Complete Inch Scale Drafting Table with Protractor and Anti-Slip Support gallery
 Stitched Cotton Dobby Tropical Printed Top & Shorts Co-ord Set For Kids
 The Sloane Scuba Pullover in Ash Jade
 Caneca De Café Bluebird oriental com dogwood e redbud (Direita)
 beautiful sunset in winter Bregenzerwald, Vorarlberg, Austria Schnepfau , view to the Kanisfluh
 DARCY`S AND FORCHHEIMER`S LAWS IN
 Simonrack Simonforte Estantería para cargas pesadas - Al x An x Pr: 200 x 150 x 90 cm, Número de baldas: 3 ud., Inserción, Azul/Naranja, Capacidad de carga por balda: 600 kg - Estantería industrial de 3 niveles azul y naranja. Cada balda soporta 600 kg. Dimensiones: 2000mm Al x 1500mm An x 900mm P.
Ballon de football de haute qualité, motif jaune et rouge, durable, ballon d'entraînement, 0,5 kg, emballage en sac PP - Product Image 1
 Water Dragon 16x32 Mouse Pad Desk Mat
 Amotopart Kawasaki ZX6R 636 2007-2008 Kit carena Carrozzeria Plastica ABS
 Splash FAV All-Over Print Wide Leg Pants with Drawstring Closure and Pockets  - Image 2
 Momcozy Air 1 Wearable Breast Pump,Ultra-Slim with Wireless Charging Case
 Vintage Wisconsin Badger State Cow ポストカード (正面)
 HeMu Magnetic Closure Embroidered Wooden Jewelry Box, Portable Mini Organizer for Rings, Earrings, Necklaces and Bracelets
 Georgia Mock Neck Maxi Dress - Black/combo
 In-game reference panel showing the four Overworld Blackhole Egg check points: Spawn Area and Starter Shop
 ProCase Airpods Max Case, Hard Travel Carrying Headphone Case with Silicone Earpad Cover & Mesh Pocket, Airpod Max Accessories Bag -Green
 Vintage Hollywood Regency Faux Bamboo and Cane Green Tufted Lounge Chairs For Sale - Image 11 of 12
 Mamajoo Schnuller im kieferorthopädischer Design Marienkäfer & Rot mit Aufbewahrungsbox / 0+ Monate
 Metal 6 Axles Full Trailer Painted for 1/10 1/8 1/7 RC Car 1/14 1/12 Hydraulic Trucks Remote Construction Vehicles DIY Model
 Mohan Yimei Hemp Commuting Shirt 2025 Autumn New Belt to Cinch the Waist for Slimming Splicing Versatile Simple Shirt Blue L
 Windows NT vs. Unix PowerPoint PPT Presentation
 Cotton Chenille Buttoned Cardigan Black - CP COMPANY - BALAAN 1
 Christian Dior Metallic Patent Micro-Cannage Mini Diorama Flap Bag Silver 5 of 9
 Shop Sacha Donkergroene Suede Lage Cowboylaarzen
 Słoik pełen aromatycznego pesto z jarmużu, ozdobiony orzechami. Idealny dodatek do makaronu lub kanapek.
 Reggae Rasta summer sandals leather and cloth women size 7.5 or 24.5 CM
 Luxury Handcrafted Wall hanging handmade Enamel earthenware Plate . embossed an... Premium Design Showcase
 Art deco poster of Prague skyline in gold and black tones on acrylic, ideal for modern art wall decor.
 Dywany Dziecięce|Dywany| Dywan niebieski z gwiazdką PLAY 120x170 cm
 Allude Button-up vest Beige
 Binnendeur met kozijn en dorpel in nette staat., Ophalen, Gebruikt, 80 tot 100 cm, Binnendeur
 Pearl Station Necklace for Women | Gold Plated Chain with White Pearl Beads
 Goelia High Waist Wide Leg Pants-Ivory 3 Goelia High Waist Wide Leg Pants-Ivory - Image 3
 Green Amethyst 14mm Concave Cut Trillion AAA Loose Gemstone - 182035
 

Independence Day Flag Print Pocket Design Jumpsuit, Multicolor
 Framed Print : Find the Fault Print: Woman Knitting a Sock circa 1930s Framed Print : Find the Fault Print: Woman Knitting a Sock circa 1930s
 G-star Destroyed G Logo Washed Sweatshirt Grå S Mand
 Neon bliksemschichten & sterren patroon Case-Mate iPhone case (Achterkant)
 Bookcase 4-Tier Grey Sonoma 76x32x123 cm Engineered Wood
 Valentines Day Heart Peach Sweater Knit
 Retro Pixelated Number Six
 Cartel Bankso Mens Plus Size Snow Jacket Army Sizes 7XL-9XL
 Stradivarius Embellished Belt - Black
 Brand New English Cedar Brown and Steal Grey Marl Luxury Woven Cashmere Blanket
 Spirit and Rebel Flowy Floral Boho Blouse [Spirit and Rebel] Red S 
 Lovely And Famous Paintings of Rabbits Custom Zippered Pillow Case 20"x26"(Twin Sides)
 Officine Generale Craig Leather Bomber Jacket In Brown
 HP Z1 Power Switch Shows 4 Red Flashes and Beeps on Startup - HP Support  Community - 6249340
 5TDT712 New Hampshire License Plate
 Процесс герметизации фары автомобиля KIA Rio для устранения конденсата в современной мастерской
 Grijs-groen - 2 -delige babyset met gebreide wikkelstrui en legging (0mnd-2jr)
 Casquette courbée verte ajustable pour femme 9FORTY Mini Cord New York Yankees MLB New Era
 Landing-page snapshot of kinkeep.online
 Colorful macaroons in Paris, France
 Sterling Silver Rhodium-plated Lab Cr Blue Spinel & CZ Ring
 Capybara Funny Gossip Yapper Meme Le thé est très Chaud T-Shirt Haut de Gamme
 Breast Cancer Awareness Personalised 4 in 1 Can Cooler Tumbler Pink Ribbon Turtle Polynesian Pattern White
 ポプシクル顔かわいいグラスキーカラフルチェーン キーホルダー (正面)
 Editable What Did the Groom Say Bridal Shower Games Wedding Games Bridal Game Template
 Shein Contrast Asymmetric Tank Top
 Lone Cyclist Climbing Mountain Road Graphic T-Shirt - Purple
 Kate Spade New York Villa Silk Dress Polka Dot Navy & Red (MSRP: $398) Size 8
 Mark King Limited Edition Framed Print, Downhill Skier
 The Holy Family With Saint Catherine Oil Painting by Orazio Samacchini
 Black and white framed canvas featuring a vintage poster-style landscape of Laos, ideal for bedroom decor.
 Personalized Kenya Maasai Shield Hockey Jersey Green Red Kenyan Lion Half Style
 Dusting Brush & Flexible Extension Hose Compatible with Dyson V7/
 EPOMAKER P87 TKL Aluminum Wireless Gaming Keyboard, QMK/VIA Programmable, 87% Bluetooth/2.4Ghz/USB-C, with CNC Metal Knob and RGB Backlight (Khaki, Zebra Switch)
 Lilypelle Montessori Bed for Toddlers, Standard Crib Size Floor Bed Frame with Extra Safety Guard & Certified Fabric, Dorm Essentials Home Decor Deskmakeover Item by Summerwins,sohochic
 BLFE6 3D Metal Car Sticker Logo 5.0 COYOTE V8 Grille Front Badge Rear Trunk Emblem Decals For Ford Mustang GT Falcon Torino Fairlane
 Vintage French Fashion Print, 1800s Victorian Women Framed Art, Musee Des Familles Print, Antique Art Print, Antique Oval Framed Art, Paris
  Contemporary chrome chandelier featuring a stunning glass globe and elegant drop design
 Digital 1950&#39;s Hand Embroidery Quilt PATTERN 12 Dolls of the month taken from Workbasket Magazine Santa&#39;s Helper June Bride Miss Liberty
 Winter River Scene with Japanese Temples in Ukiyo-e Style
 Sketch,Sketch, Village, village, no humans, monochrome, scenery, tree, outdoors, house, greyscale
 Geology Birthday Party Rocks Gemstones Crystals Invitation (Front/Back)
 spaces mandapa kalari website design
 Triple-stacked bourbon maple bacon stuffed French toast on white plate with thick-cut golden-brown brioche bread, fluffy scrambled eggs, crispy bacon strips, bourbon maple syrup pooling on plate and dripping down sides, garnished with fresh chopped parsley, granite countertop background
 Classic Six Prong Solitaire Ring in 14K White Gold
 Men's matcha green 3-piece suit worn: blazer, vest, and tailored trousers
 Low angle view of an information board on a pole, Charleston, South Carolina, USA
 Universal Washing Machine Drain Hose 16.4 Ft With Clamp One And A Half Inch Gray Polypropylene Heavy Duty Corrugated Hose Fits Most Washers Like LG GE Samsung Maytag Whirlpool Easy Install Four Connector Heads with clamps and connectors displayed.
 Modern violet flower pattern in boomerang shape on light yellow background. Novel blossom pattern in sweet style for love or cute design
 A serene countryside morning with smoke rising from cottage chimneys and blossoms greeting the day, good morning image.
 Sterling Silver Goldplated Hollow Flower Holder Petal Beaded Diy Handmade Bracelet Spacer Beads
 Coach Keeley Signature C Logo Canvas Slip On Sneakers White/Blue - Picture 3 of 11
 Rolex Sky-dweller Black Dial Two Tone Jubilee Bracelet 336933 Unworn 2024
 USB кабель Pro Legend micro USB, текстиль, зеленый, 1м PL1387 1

INSTRUCTIONS TO FOLLOW> Set down exactly the lines of the data above, beginning with the line that has "ポプシクル顔かわいいグラスキーカラフルチェーン キーホルダー (正面)" and ending with the line that has "Lilypelle Montessori Bed", and no others.

ANSWER BELOW>
 ポプシクル顔かわいいグラスキーカラフルチェーン キーホルダー (正面)
 Editable What Did the Groom Say Bridal Shower Games Wedding Games Bridal Game Template
 Shein Contrast Asymmetric Tank Top
 Lone Cyclist Climbing Mountain Road Graphic T-Shirt - Purple
 Kate Spade New York Villa Silk Dress Polka Dot Navy & Red (MSRP: $398) Size 8
 Mark King Limited Edition Framed Print, Downhill Skier
 The Holy Family With Saint Catherine Oil Painting by Orazio Samacchini
 Black and white framed canvas featuring a vintage poster-style landscape of Laos, ideal for bedroom decor.
 Personalized Kenya Maasai Shield Hockey Jersey Green Red Kenyan Lion Half Style
 Dusting Brush & Flexible Extension Hose Compatible with Dyson V7/
 EPOMAKER P87 TKL Aluminum Wireless Gaming Keyboard, QMK/VIA Programmable, 87% Bluetooth/2.4Ghz/USB-C, with CNC Metal Knob and RGB Backlight (Khaki, Zebra Switch)
 Lilypelle Montessori Bed for Toddlers, Standard Crib Size Floor Bed Frame with Extra Safety Guard & Certified Fabric, Dorm Essentials Home Decor Deskmakeover Item by Summerwins,sohochic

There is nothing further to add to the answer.